PLATFORM: BLU-RAY | RELEASE DATE: JULY 20TH

Available for the first time in the UK in a strictly-limited-edition of 2000 copies, The Masters of Cinema label lives up to its name with its HD Blu-ray 2-Disc box set triple-bill of Murders in the Rue Morgue, The Black Cat, and The Raven. All three titles are of course based – some famously loosely – on the work of Edgar Allan Poe; all feature Bela Lugosi, fresh from Dracula; but they’re also the final cry of the depiction of Pre-code studio horror, with levels of sadistic imagery soon to disappear from Hollywood. Even if we’ll never be scared by the imagery as audiences would have been when these titles were released in the 1930s, there’s an eternal chill to the stories and imagery that would be visually referenced in cinema ever after. And, of course, in two of these three, Lugosi is pitted against Frankenstein‘s Boris Karloff, adding to the self-referential celebration of all that was and remains great about the cinematic Gothic.

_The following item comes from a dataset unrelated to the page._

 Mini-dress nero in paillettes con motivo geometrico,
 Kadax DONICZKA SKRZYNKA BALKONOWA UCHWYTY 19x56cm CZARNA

Picture quality alone would make this box set an opportunity not to be missed. However, the wealth of additional material is brought together with the same level of care and celebration of the titles, their heritage and context. Whether you’re a lover of the stories that provided the kick-off to these very different adaptations, or found Poe through cinema, Kim Newman’s typically enjoyable and effortlessly informative interview contextualises with typical depth and friendliness to keep any viewer feeling fully in the picture. Newman’s interview alone would double the value of any release but there are further treats with, among others, the video essays of Lee Gambin on Cats in Horror, and American Gothic by Kat Ellinger. Audio commentaries on the films themselves are by Gregory William Mank, Amy Simmons, and Sam Deighan, with radio recordings of The Tell-Tale Heart involving Karloff and Lugosi also included.

While they won’t scare a modern audience as they would then, the visual beauty and the power of the images from the stories lose nothing – of Poe’s fundamental terror, cinema’s sadistic innocence, or of Lugosi and Karloff. Even if you know all three 1930s releases, you don’t know them like this.